The path forward is open source, not free software.
In one sense this is true as freedom and Free software are the goal, not means to an end – but clearly this is not what Matt means. The question a pure, “pragmatic” open source supporter could ask is, “If this is the path forward, where am I trying to go?” One may get the impression that while Matt loves the Open Road, he has no vision of where he’s headed. Going “mainstream” is useful and arguably necessary (thanks, Open Source) but if that’s it – if that’s the goal – the “path forward” leads nowhere. Proprietary software companies love nothing more than those who repeat (or imply) the mantra that technical advantages and market forces alone will be the cause of open source’s coming dominance. Matt concludes:
Free software has lost. Open source has won. We’re all the better for it.
There’s certainly differences regarding the values empahsized by Free software and Open Source, but since when did the two begin to compete against each other?
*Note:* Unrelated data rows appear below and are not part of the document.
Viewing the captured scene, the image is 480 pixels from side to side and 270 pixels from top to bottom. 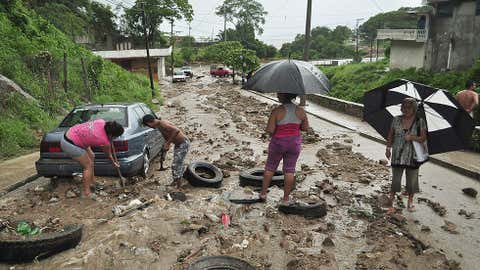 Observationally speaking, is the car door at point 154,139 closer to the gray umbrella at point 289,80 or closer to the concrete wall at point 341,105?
the gray umbrella at point 289,80

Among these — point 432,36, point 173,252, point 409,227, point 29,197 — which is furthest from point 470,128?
point 432,36

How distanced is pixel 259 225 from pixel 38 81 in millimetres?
13171

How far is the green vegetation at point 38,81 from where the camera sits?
10.9 m

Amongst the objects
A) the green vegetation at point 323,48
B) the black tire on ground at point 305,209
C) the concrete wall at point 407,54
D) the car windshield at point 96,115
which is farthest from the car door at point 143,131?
the green vegetation at point 323,48

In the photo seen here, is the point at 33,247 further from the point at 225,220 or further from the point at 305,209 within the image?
the point at 305,209

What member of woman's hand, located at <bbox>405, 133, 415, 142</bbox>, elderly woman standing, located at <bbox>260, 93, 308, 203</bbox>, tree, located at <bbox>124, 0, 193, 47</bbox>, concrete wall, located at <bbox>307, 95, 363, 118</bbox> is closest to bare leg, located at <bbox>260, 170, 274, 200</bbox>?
elderly woman standing, located at <bbox>260, 93, 308, 203</bbox>

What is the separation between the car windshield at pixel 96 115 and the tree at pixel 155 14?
53834mm

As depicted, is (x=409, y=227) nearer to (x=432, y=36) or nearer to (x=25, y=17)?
(x=25, y=17)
Update (09/29): Glyn Moody goes into more detail here.
Tags: matt asay
September 26, 2009 at 7:07 pm |
Matt has no vision. He champions compromise because he makes a living off it, not for any socially beneficial reasons. But whatever, that doesn’t make him evil – just pointless to listen to and irrelevant in the bigger scheme of things. The ‘free software has lost, open source has won’ comment is as ignorant as it gets.